In the cohort of patients with suspected AIS (**Internal cohort 5**), who were prescribed to undergo head CTA examination, 87.4% patients diagnosed as aneurysm-negative cases by our framework, among which 96.8% of the patients were true-negative patients, demonstrating excellent confidence in identifying negative cases by our framework. As a result, only 12.6% of patients were categorized as high-risk group, to whom the radiologists can pay intense attention and reduce their workload in detecting aneurysm for AIS patients. AIS, acute ischemic stroke; IA, intracranial aneurysm.

Manufacturers can be a factor to affect the performance of the framework, so the Tianjin dataset (**TJ cohort**) between Jan. 1, 2013 and Dec. 31, 2018 was employed, which had both head CTA and DSA from 3 different manufacturers to elucidate the issue. CTA was acquired by GE Revolution in 13 patents (10 patients with IAs), by Siemens SOMATOM Definition Flash in 21 (18 patients with IAs), by Toshiba Aquilion ONE in 25 (11 patients with IAs). The results demonstrated that the sensitivity and specificity were 70.0%, 66.7%; 72.2%, 66.7%; 45.5%, 50% for GE, SIEMENS and Toshiba, respectively, while without significant differences (all *p*>0.05) **(Extended Data Fig. 4b/c)**.

### Radiology Expert Analysis of the Error Modes

For knowing the underlying causes of misclassified cases in our developed framework, neuroradiologists analyzed the cases in the **Internal cohorts 2, 3, NBH cohort** and **TJ cohort**. The misdiagnosed cases (13 in **Internal cohort 2**, 8 in **Internal cohort 3**, 7 in **NBH cohort** and 14 in **TJ cohort**) were found between the framework diagnosis and the DSA findings (**Extended Data Table 2a**).

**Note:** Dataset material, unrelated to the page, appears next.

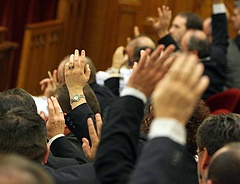 Átment az Alaptörvény-módosítás - Aggódik Barroso és az Európa Tanács is
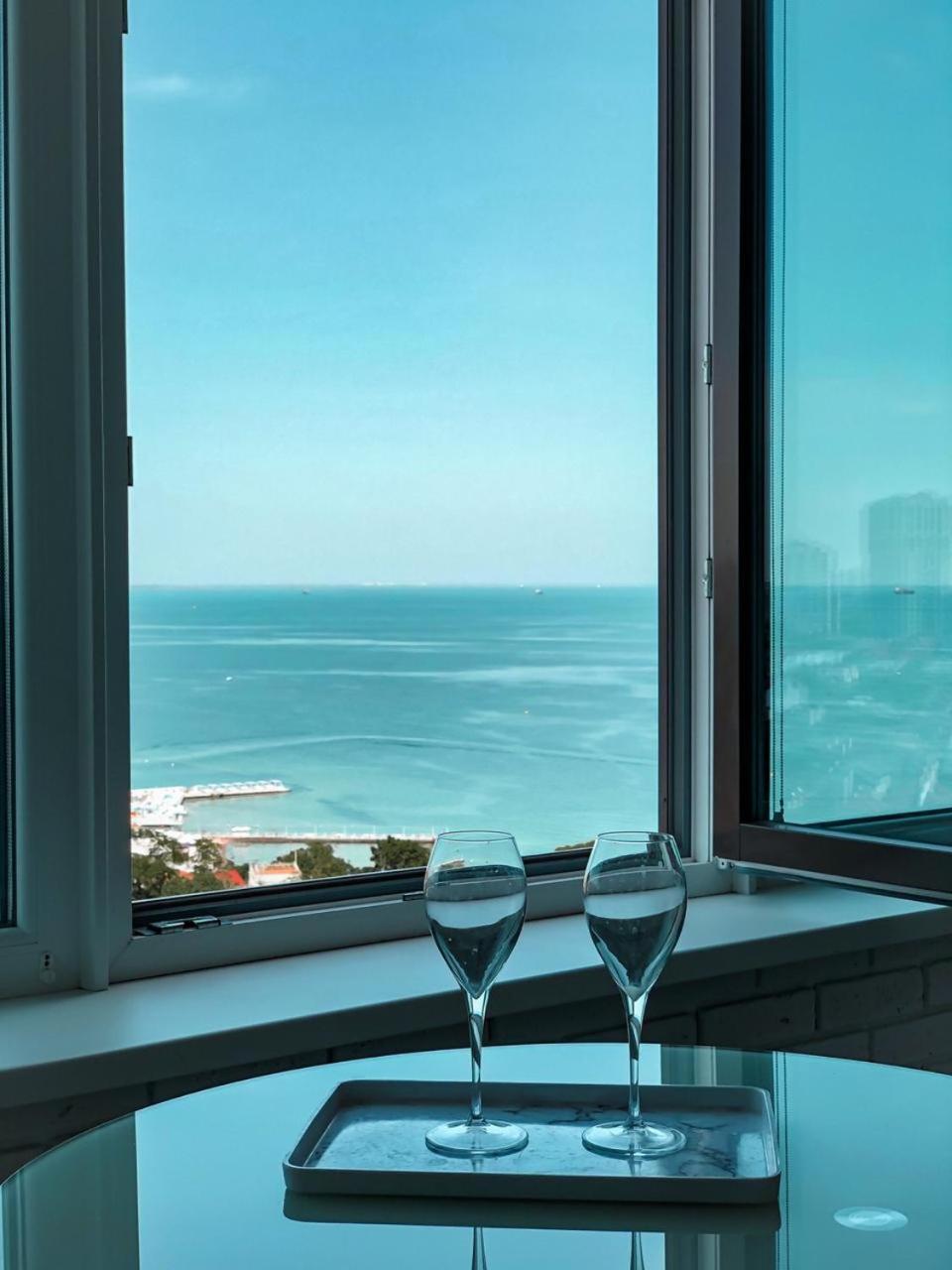 M&P Vip Appartments In Arkadia Odessa Bilik gambar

Since that misdiagnosis would lead to serious consequences, we only focus on these cases rather than the FPs. Several reasons can attribute to misdiagnosed cases, including (1) Tiny aneurysms (≤ 3 mm); (2) Uncommon shape of aneurysms; (3) Aneurysms located in uncommon locations (such as the posterior inferior cerebellar artery); (4) Inappropriate contrast agent protocols that result in poor artery enhancement or marked intracranial vein enhancement; (5) Other unexplained reasons (**Extended Data Table 2b)**. We defined unexplained reasons for that these aneurysms were obvious for radiologists to catch, while were missed by our framework, which was mainly found in the **TJ cohort** and **NBH cohort** and may be contributed to different manufacturers or CTA scan protocols. And another case with unexplained reason was seen in **Internal cohort 1** and the reason might be the overshooting bone subtraction (a representative missed case is presented in **Extended Data Fig. 5)**.

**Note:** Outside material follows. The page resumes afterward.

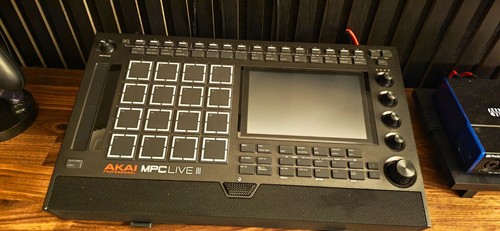 Akai mpc live iii - mpc,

### Clinical Application in Routine Practice and Comparison with Radiologists

In order to clearly understand the performances of the framework against radiologists in clinical setting, we designed an experiment to compare the performance of the framework to those of 6 board-certified radiologists (2 resident radiologists, F.X. and Y.X.; 2 attending radiologists, L.W. and X.L.Z.; 2 assistant director radiologists, J.L. and Y.E.Z.) in reading consecutive real-world cases undergoing head or head/neck CTA, in one internal dataset from Jun. 1, 2019 and Jul. 31, 2019 in Jinling Hospital (**Internal cohort 4**) and one external dataset from Aug. 1, 2018 to Sep. 31, 2019 in Lianyungang First People’s Hospital (**LYG cohort**). The prevalence of IAs is distinct in general and SAH populations1,2, which acts as an important clue for detecting IAs for radiologists. Therefore, we analyzed the performances of the framework and radiologists in the whole group, SAH subgroup, and non-SAH subgroup, respectively.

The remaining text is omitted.